Each line below must be set down exactly; omit any image you find.

MATERIAL PROVIDED –
== == ==
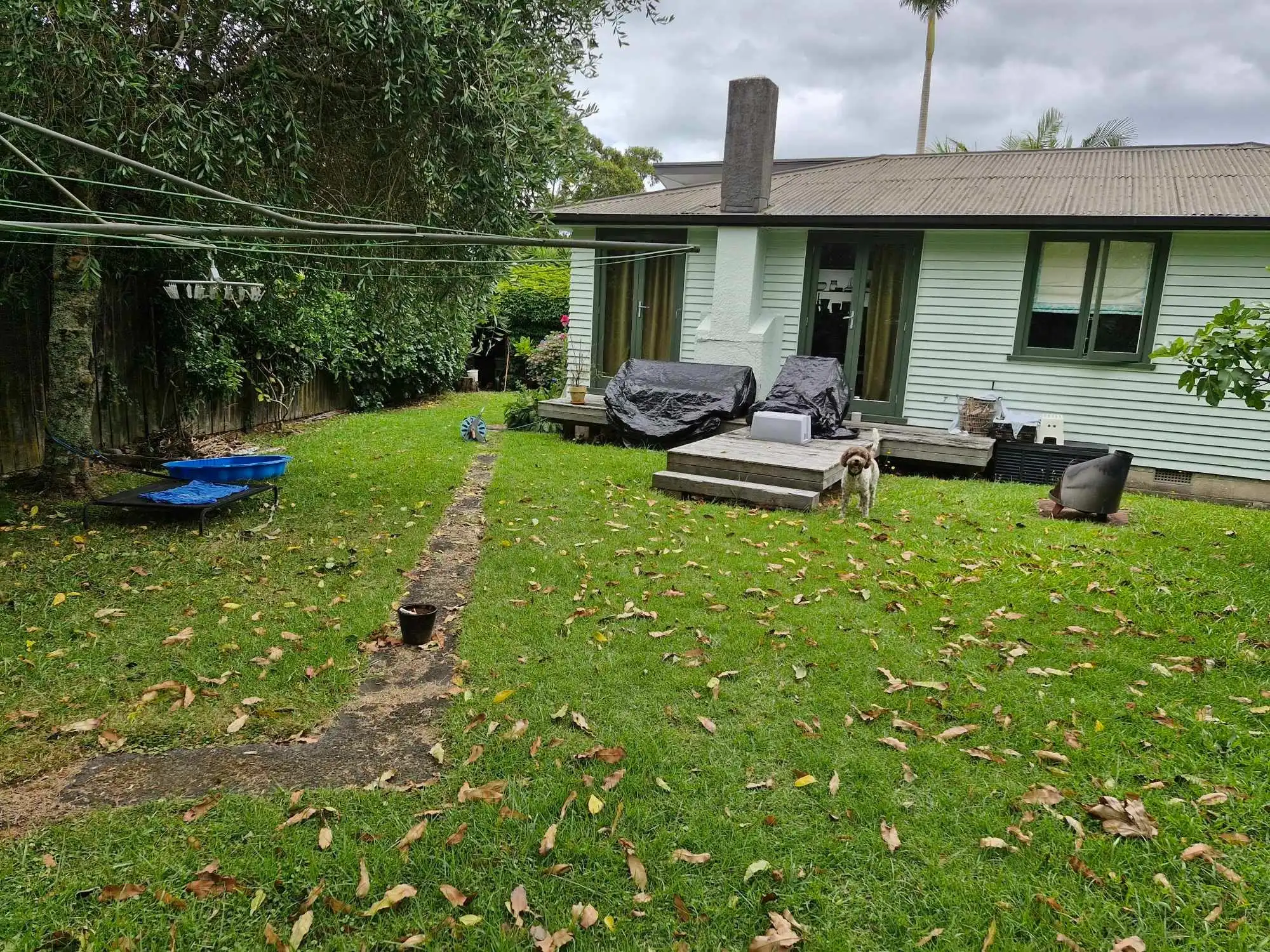 image-18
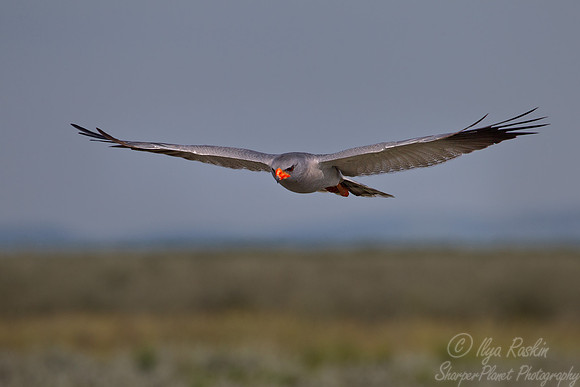088 Southern Pale Chanting Goshawk (Melierax canorus) - Etosha Namibia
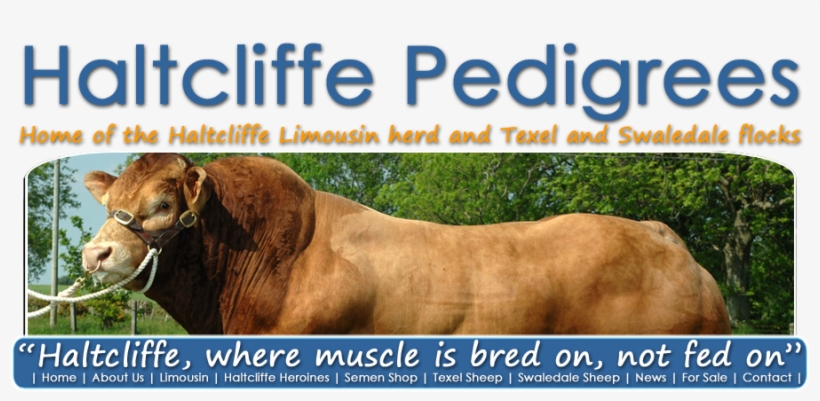 Haltcliffe Semen Store - Limousin Cattle, transparent png #1210232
== == ==
TASK SOLUTION –
 image-18
088 Southern Pale Chanting Goshawk (Melierax canorus) - Etosha Namibia
 Haltcliffe Semen Store - Limousin Cattle, transparent png #1210232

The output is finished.